What's in it for donors? For some, it’s status. Spending £90,000 on a game of tennis with Prime Minister Boris Johnson — as Lubov Chernukhin, wife of a former Russian finance minister, did earlier this year — has social cachet.
Others seek influence and access. Over the last decade, almost one-fifth of leading Conservative donors have received honors, including knighthoods and peerages, after donating to the party. The number of government contracts given to businesses with long-standing ties to the Conservatives during the COVID-19 pandemic has been well-documented.
Oversize influence
All told, money is playing an increasingly powerful role in British politics. In the run-up to last December’s general election, the Conservatives alone received more than £40 million from large donations.
The trend is also, to a lesser extent, apparent among the opposition Labour Party.
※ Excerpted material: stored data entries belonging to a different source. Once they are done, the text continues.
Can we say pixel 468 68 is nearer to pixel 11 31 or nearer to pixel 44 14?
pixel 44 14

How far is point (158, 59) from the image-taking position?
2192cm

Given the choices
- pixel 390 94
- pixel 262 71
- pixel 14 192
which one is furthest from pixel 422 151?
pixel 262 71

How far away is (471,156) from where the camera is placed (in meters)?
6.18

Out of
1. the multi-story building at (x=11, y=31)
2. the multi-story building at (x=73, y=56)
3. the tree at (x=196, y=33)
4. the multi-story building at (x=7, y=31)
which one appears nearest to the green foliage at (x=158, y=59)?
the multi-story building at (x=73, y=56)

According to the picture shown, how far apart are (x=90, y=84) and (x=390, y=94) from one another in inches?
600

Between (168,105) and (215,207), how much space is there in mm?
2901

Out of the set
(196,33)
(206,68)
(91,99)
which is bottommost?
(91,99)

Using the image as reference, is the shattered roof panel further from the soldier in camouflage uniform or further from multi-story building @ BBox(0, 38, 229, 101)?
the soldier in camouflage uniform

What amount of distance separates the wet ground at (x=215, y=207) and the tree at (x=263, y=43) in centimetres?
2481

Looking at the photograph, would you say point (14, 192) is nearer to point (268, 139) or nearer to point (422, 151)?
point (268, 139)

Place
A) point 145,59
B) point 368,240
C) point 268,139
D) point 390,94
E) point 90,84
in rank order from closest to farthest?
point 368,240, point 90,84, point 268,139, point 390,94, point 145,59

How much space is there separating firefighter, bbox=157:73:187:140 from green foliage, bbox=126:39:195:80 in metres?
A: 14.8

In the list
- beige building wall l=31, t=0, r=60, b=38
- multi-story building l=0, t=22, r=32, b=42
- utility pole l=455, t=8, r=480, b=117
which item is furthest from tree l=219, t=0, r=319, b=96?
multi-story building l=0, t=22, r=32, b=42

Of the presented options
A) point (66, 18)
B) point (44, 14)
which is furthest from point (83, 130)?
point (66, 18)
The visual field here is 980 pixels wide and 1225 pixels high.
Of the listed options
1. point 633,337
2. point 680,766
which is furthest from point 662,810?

Although it is still largely dependent on trade unions and smaller donors and the super-rich donors that supported Tony Blair are long gone, some private money has returned since Keir Starmer replaced Jeremy Corbyn as leader earlier this year.
What is perhaps most concerning, however, is that the money fueling politics — and the Tories in particular — has changed. After the Brexit vote in June 2016, the Tories’ already narrow funding pool contracted sharply. The pro-European business elite fled the party. Around two-thirds of existing donors reduced their contributions, or stopped giving at all.
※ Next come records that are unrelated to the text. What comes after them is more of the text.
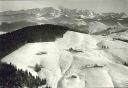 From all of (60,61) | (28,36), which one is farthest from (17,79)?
(28,36)

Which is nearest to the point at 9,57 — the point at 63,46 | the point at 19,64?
the point at 19,64

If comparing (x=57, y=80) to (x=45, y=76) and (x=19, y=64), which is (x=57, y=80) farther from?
(x=19, y=64)

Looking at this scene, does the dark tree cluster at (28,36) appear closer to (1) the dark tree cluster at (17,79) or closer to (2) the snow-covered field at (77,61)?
(2) the snow-covered field at (77,61)

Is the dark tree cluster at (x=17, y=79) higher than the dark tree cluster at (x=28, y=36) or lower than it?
lower

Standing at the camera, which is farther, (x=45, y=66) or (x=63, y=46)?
(x=63, y=46)

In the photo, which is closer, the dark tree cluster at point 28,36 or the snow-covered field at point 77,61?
the snow-covered field at point 77,61

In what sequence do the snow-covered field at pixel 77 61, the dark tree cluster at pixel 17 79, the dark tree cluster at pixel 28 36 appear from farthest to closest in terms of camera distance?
the dark tree cluster at pixel 28 36, the snow-covered field at pixel 77 61, the dark tree cluster at pixel 17 79

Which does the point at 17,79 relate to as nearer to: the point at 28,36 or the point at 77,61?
the point at 77,61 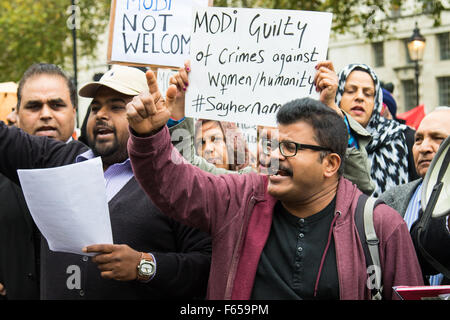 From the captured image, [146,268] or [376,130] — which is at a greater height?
[376,130]

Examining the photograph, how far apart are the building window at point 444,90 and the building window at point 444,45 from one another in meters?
1.03

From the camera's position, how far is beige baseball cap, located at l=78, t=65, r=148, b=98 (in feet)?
10.5

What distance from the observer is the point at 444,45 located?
27438 millimetres

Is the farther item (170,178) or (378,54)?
(378,54)

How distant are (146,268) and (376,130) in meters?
2.57

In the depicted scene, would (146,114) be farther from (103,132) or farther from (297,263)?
(297,263)

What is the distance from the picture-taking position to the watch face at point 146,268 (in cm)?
273

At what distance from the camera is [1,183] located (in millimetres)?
3492

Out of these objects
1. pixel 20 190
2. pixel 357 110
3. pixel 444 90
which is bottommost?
pixel 20 190

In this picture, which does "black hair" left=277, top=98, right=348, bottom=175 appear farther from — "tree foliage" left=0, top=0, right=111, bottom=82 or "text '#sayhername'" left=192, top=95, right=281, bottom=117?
"tree foliage" left=0, top=0, right=111, bottom=82

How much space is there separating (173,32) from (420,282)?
6.73 feet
Dislocated from their traditional support, the Conservatives are now largely dependent on funding from a small number of overwhelmingly pro-Brexit donors. When Johnson became prime minister in June 2019, promising a hard Brexit, donations increased sharply, particularly from corporates and wealthy individuals involved in hedge funds and other speculative finance.
We don’t need to look far to see what happens when a small group of donors have an oversized influence on politics. “A federal election in the U.S. is supposed to be decided by 150 million voters, and yet the policy preferences are being determined by literally 20 people, 20 major donors,” says Adav Noti, a U.S. election lawyer with the Campaign Legal Center, in Washington D.C.
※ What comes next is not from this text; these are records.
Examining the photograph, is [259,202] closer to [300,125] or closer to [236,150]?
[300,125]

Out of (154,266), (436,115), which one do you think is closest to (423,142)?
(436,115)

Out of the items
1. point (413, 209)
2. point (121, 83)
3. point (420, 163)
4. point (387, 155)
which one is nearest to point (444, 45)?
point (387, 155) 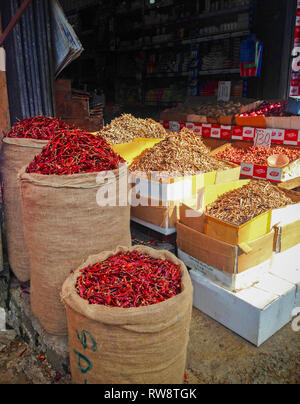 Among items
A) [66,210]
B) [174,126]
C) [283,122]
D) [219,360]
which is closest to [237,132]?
[283,122]

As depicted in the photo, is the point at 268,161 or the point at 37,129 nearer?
the point at 37,129

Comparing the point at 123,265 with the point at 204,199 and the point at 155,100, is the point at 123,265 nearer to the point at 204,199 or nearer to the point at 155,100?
the point at 204,199

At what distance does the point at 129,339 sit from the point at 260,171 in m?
3.14

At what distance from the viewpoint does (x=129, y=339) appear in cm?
140

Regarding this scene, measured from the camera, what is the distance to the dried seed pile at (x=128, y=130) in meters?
3.67

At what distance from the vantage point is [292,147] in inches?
169

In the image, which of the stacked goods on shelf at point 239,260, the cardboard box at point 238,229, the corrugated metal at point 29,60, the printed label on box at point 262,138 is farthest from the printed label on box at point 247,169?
the corrugated metal at point 29,60

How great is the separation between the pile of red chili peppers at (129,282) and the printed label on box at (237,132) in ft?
11.6

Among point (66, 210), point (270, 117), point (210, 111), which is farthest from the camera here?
point (210, 111)

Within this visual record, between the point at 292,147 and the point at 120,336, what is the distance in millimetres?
3720

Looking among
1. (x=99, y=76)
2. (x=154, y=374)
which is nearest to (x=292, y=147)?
(x=154, y=374)

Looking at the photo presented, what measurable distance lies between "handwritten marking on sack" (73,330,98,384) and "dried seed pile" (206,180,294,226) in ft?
4.04

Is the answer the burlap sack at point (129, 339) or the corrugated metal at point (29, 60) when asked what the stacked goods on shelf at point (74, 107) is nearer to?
the corrugated metal at point (29, 60)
Something similar is happening in the U.K. “The Tory party is now wholly unrepresentative in any way of the U.K. population. Its source of funds is so restricted,” says economist Frances Coppola. “And because they are so dependent on this small group of donors, Tory party policy is going to be skewed.”
There are already signs of this type of influence, as obscure projects — such as post-Brexit "free ports" — making their way onto the British political agenda.
None of this is irreversible. The role of money in British politics could be reduced significantly. If the maximum individual donation was, say, £10,000 a year, parties would be forced to rely on a far wider, and more inclusive, donor base.
However, there is little sign of any willingness for change. Although the parliament's committee on standards in public life in June announced a long-overdue review of British electoral regulation, for example, its remit doesn't include party funding.
“Political parties have a vested interest in the status quo,” says Labour MP Stephen Kinnock, chair of a parliamentary working group on electoral reform. “They would rather stay with the broken system we have currently because they know how to maximize their advantage within it.”
Britain, as Kinnock warns, is in the process of being "Americanized" — "Dark money and dodgy data are playing an increasing role in our politics. That is a very dangerous place to be. We have been complacent about our democracy. We thought it would just look after itself.”
Unless the U.K. moves to protect its democracy from easily bought influence, its politics will become ever more in thrall to the kind of money that bought us Brexit.